PHILIPS MEDICAL SYSTEMS
E-1
E
ECPR FIRST CONFIGURATION
The CPR First parameter provides a tool for Medical Directors and
Administrators to implement existing or emerging protocols. Currently, some
emergency response protocols incorporate a CPR interval prior to applying the
AED. Although this provides for initial CPR treatment, since the device is not
attached to the patient it cannot collect data or provide the responder with
prompts or an initial CPR interval. Note that previous versions of the FR2+
could be attached for data collection during initial CPR, via an enabled Pause key.

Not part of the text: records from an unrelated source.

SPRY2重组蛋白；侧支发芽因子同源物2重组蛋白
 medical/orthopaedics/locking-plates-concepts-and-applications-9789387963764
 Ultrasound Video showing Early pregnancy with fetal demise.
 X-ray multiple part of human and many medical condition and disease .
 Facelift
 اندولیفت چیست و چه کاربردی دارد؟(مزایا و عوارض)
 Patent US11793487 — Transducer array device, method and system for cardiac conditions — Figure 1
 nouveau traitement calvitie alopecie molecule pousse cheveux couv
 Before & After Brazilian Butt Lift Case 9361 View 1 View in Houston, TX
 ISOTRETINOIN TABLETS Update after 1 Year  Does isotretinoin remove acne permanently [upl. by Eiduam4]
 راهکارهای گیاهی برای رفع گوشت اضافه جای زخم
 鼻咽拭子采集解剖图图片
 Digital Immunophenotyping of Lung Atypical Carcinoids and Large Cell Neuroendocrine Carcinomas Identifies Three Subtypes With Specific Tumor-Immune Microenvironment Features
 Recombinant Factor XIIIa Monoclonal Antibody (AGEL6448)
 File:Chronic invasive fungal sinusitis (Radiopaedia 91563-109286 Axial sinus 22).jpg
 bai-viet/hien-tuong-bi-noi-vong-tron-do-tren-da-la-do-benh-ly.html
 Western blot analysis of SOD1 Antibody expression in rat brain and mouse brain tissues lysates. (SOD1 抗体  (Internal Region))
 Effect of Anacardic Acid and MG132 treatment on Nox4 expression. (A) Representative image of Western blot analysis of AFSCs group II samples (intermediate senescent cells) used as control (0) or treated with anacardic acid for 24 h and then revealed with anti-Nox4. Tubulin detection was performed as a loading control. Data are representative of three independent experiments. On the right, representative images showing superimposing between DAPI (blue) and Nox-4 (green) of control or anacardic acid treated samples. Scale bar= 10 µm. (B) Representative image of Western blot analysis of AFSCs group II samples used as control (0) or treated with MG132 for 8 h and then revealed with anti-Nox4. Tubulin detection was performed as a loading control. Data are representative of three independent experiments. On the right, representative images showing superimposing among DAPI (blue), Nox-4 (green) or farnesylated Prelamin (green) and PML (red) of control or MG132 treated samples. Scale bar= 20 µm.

Research has shown that some SCA patients − particularly those presenting
with low-amplitude, low-frequency VF rhythms typical of long down times − may
not benefit from an initial shock, and for these patients an interval of CPR prior
to defibrillation may improve outcome.
1-3
Accordingly, some Medical Directors may wish to configure the FR2+ to be able
to provide an initial CPR interval prior to defibrillation. Before making that
decision, the Medical Director should consider the overall impact the selected
setting would have on the SCA emergency response system, and train
responders accordingly. If a system-wide change is desirable, software upgrades
for existing FR2/FR2+ defibrillators are available from Philips. Other factors to
be considered include:
• Emergency system response times
• Responder skill level
• Prevailing protocols and time and cost for training
• Expected changes in response protocols
1 Wik L, Hansen TB, Fylling F, Steen T, Vaagenes P, Auestad B, Steen PA. Delaying
defibrillation to give basic cardiopulmonary resuscitation to patients with out-of-
hospital ventricular fibrillation: a random trial. JAMA March 19, 2003. 289:11:1389-
1395.
2 Cobb LA, Fahrenbruch CE, Walsh TR, Copass MK, Olsufka M, Breskin M, Hallstrom
AP. The influence of cardiopulmonary resuscitation prior to defibrillation in patients
with out-of-hospital ventricular fibrillation. JAMA, April 7, 1999, 281:13:1182-1188.
3 Weisfeldt ML, Becker LB. Resuscitation after cardiac arrest: a 3-phase time-sensitive
model. JAMA, December 18, 2002. 288:23:3035-3038.